Exercise details: Below are the entries; give again exactly the lines from the one mentioning "ANIA HAIE gold filia curb chain bracelet." through the one mentioning "Botella líquida PET", inclusive.

Listed records:
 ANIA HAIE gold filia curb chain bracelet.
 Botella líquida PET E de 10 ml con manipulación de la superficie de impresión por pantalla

* * *

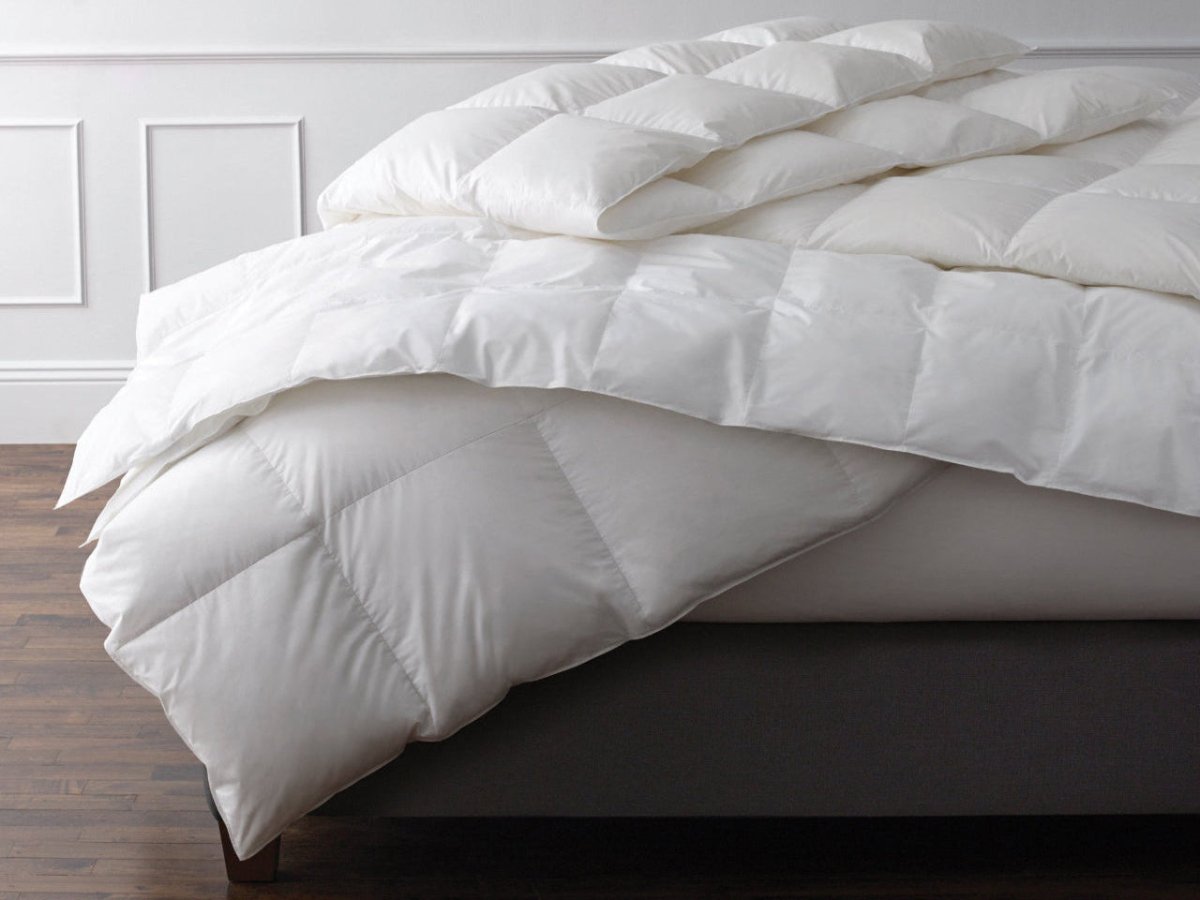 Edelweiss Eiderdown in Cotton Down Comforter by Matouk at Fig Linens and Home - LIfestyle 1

Solved problem:
 ANIA HAIE gold filia curb chain bracelet.
 Botella líquida PET E de 10 ml con manipulación de la superficie de impresión por pantalla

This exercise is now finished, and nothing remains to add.